*Problem statement:*
Each line below must be transcribed exactly, and no picture may appear in the transcription.

================

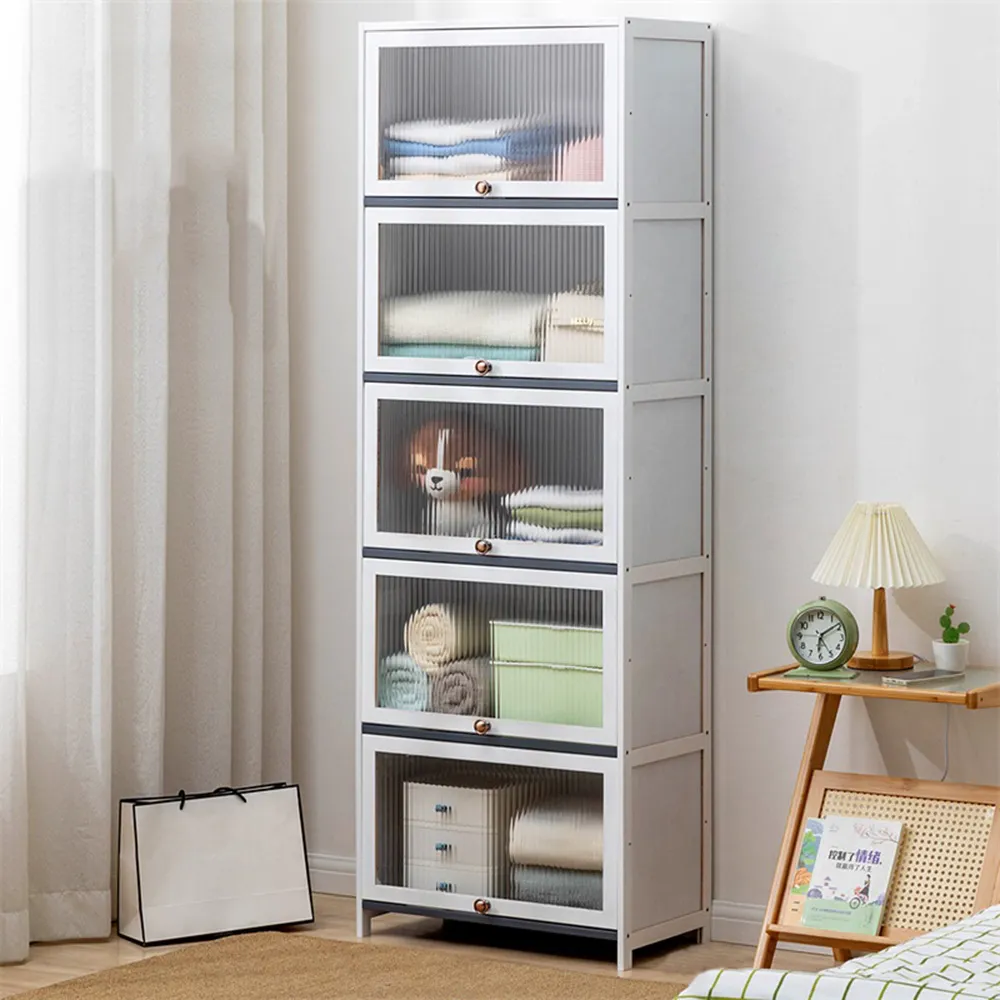 【HappyLife】簡約亮白楠竹製餐櫥置物櫃/五層60cm (Y10670) 歷史價格詳細信息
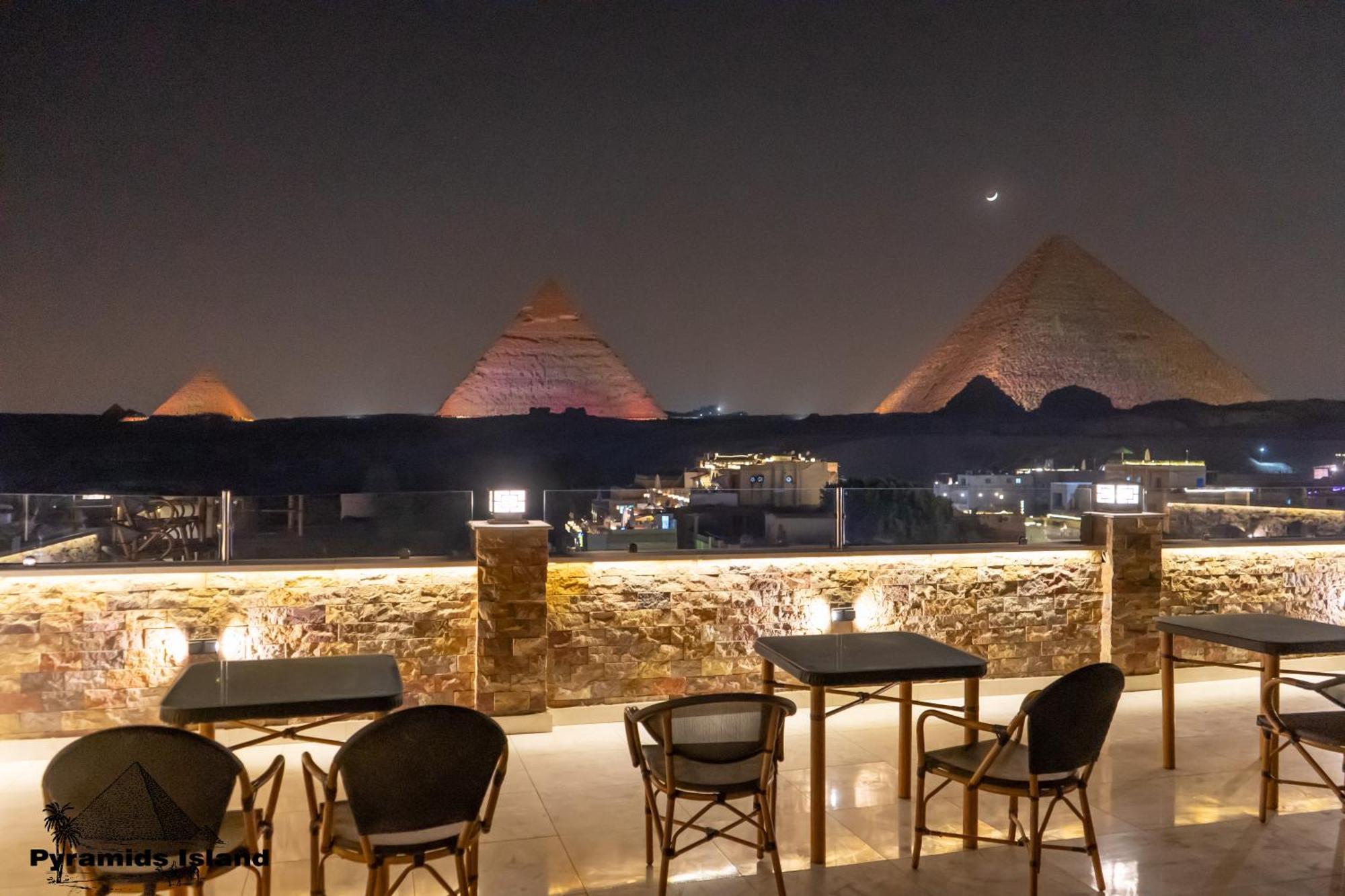Pyramids Island Bed & Breakfast Kafret el-Gabal Exterior foto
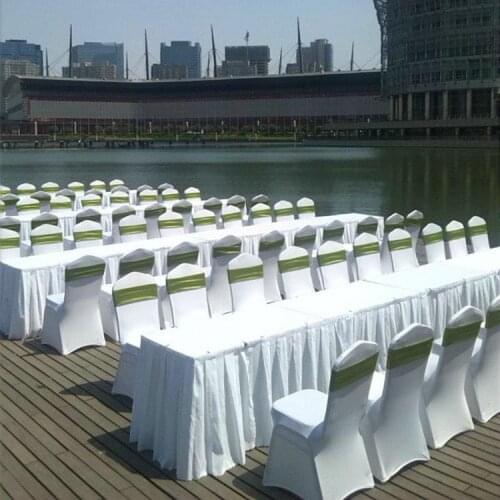 Universal White spandex Wedding Party chair covers White spandex lycra chair cover for Wedding Party Banquet many color
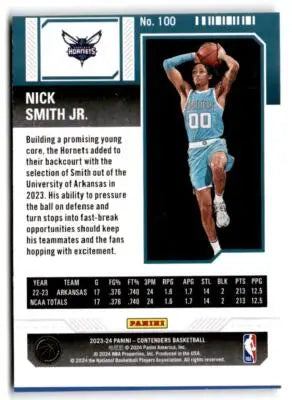 2023-24 Panini Contenders #100 Nick Smith Jr. - Basketball Card Single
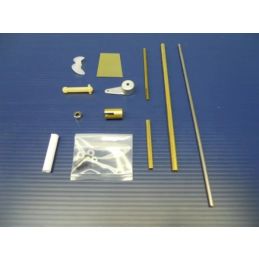 Dumas PT-212 Higgins MTB Preformed Hull Model Boat Kit 1257 - Running Gear Pack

================

*Reply to the task:*
 【HappyLife】簡約亮白楠竹製餐櫥置物櫃/五層60cm (Y10670) 歷史價格詳細信息
Pyramids Island Bed & Breakfast Kafret el-Gabal Exterior foto
 Universal White spandex Wedding Party chair covers White spandex lycra chair cover for Wedding Party Banquet many color
 2023-24 Panini Contenders #100 Nick Smith Jr. - Basketball Card Single
 Dumas PT-212 Higgins MTB Preformed Hull Model Boat Kit 1257 - Running Gear Pack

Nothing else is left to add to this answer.